MANSFIELD: Right, yeah. You know the difficulty with relying on virtue is that some people have more of it than other people do, and that doesn’t seem fully democratic, so it’s something that you have to defend before democracy and to make each person see what in him is sort of aristocratic and virtuous, what in every individual human being, there’s something that’s better. And so you have to make people aware of that, though, like better half – that’s your wife, never your husband. But still that indicates kind of an appreciation for this better that is in each one of us and that needs to be brought out and made visible to people so that they can act on it, improve it.

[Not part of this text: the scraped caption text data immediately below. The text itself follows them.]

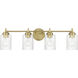 Claire 4 Light 29.63 inch Satin Brass Vanity Light Wall Light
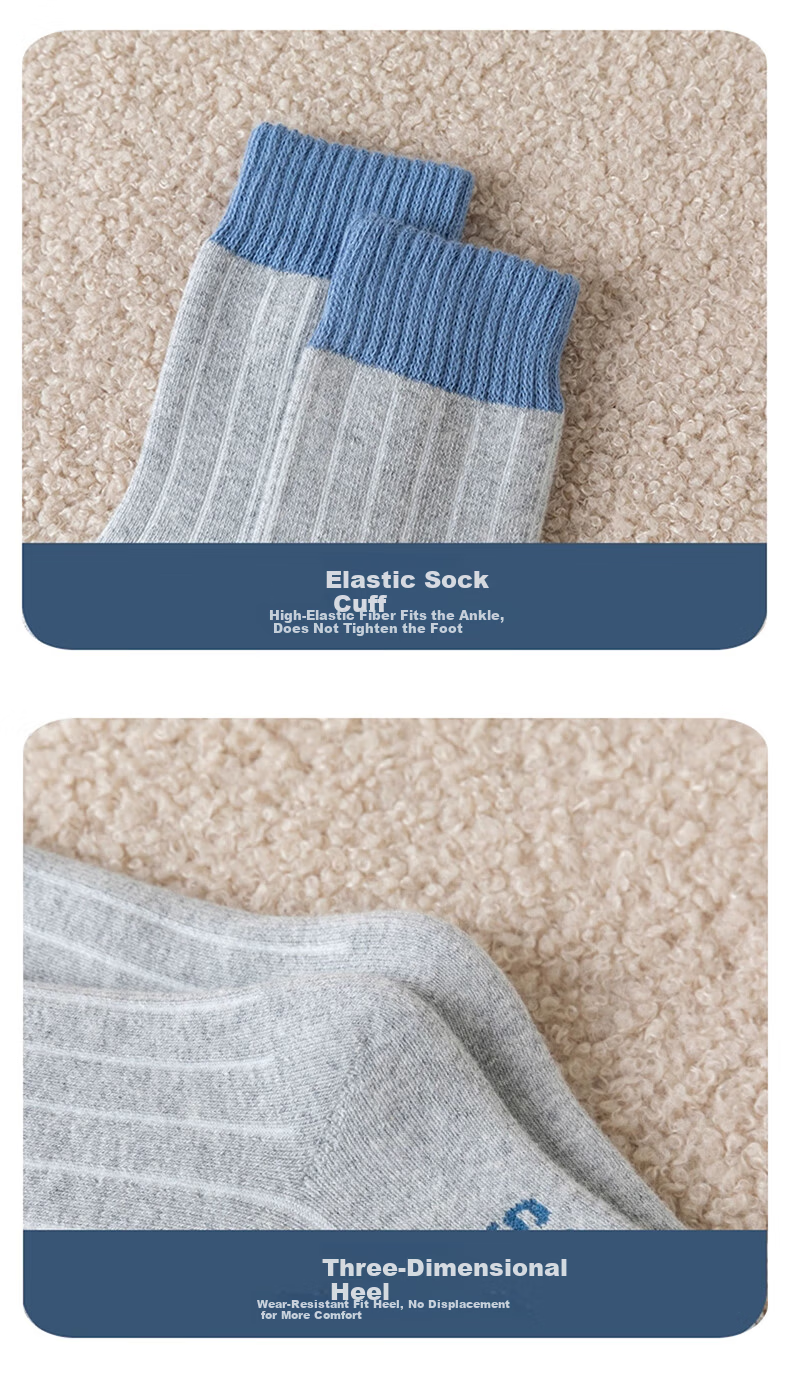 Miiow 5 Pairs Kids Socks Boys Autumn Winter Thickened Fleece Mid-Calf Cotton Terry Warm Socks for Older Children and Teens 9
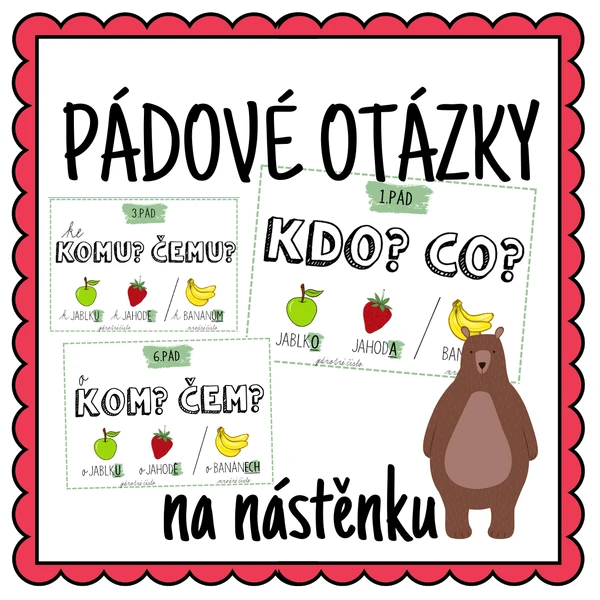 Pádové otázky - přehled na nástěnku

KRISTOL: But also visible in a democratic way, I suppose, in defending the republic and the executive part. I think whatever, there are eleven papers on the executive – really striking – and then when you look at them and read them somewhat carefully, you know they’re pretty bold. Hamilton is pretty bold in making clear how far you have to go to have a strong executive who may have to be not simply responsive to the people, and you want to protect him from having to be responsive to the people in various ways. But it’s still for the sake of the people.

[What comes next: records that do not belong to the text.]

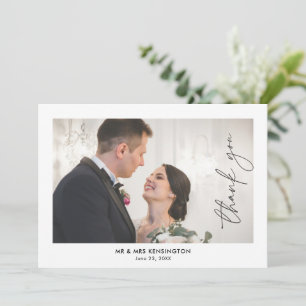 Modern Minimalist Calligraphy Script Photo Wedding Thank You Card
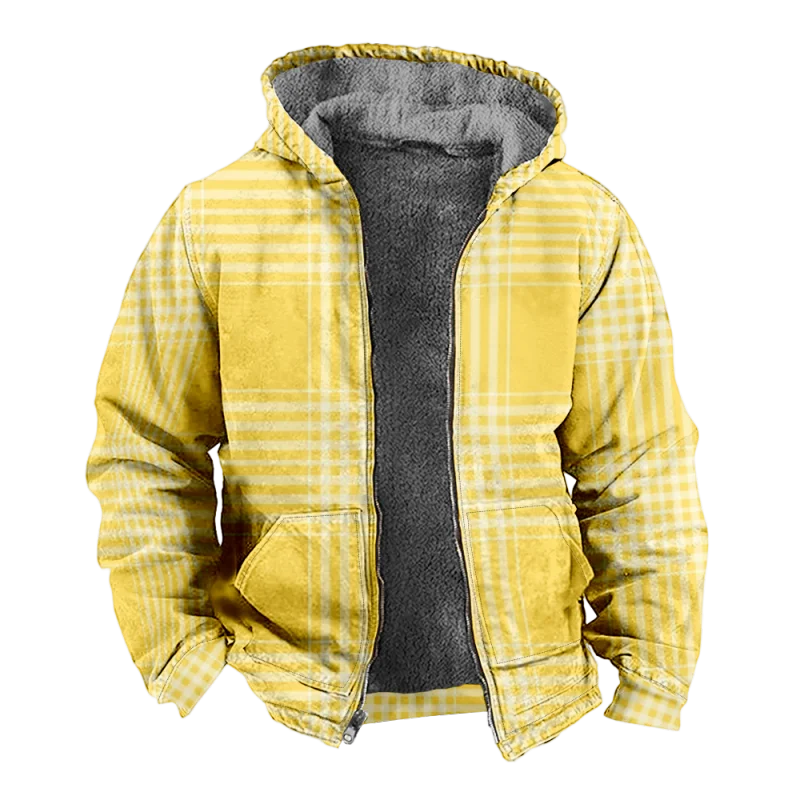 New Colorful Stripe Cotton Coat Hooded Sweater Casual Print Men's Fur Loop Arctic Velvet Zipper Patch Pocket Hooded Sweater a07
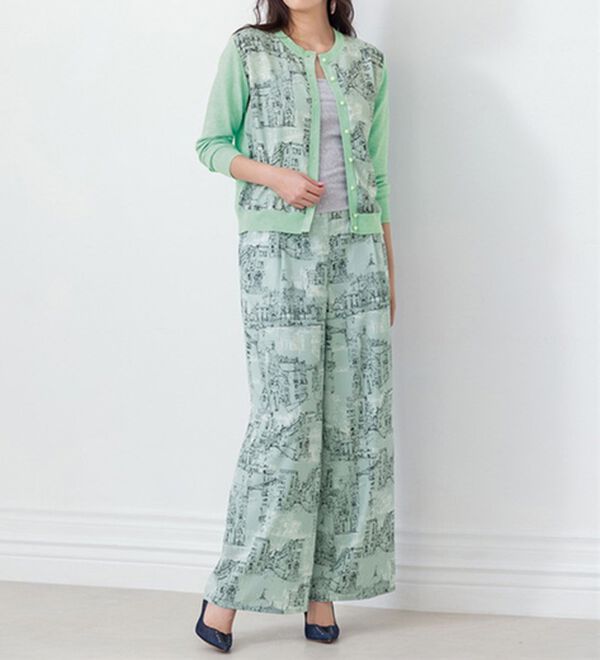 RANAN（ラナン）の「スカーフプリントニットカーディガン（ニットカーディガン）」｜詳細画像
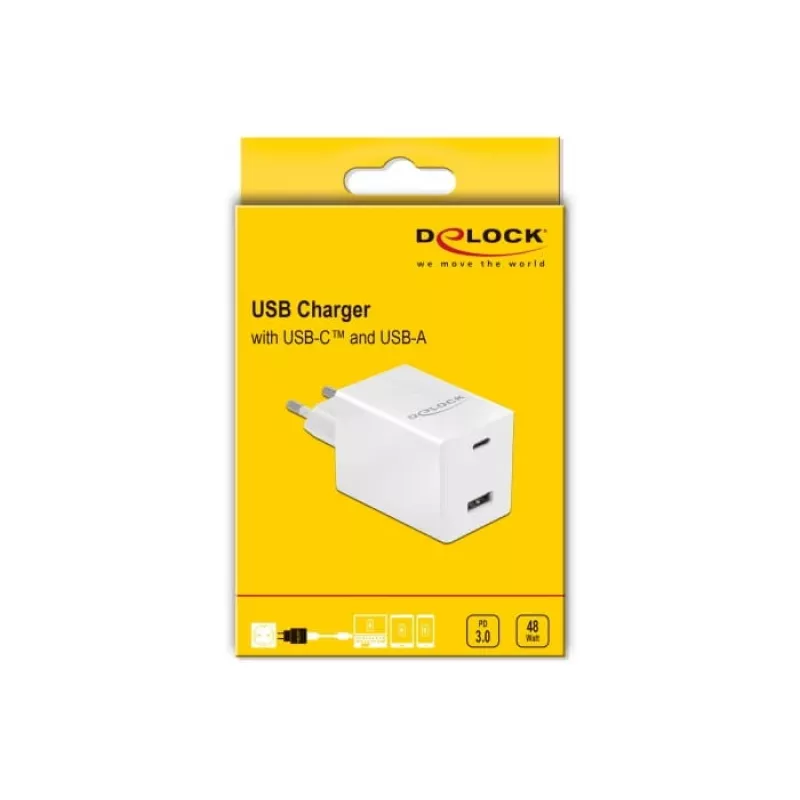 Laadija DeLOCK USB GaN laadija USB USB-C PD 3.0 ja USB Type-A 48 W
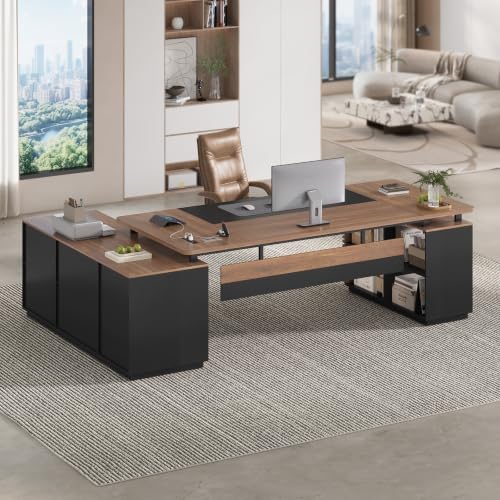 78.7" Executive Desk, Home Office Desk with File Drawers & Storage Shelves - Image 3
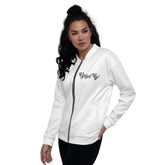 Womens Jacket - Blessed Up Graphic Text Bomber Jacket - foxberryparkproducts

MANSFIELD: That’s it. So that’s the argument which he makes, and it’s a clever argument, that a single person is more responsive to the people than a committee would be because you know whom to blame – the person at the top is the one who carries the responsibility, so you blame him. And then you don’t have to look into secret transactions to find out what is happening.

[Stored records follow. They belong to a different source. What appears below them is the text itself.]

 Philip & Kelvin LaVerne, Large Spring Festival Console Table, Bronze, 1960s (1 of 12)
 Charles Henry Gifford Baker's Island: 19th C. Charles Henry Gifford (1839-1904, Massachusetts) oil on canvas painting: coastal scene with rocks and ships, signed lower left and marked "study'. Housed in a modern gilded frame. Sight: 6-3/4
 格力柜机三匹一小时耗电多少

But it’s enough just to blame the person at the top and that is something that a democracy can appreciate and see, and also not be misled about, with false accusations about secret transactions. Nonetheless, of course, there are plenty of such accusations, so it isn’t easy. But still that is a way in which he tried, Hamilton tried, to show how this seemingly very monarchical office is more democratic than a seemingly less monarchical office would have been.

KRISTOL:  And do you think The Federalist, I mean, it seems to me that there has been – I mean, it was really not read seriously maybe 50, 60 years ago. I think, it was just after the progressives and the New Deal, it really was kind of an historical relic and also viewed as aristocratic, I guess, in addition to out-of-date. But it does seem that that – there has – the rediscovery of The Federalist by you and many others, and Martin Diamond, and many others who went back with more of an open mind, you might say.

MANSFIELD: I hope so.

KRISTOL:  That’s really had, I think, some effect.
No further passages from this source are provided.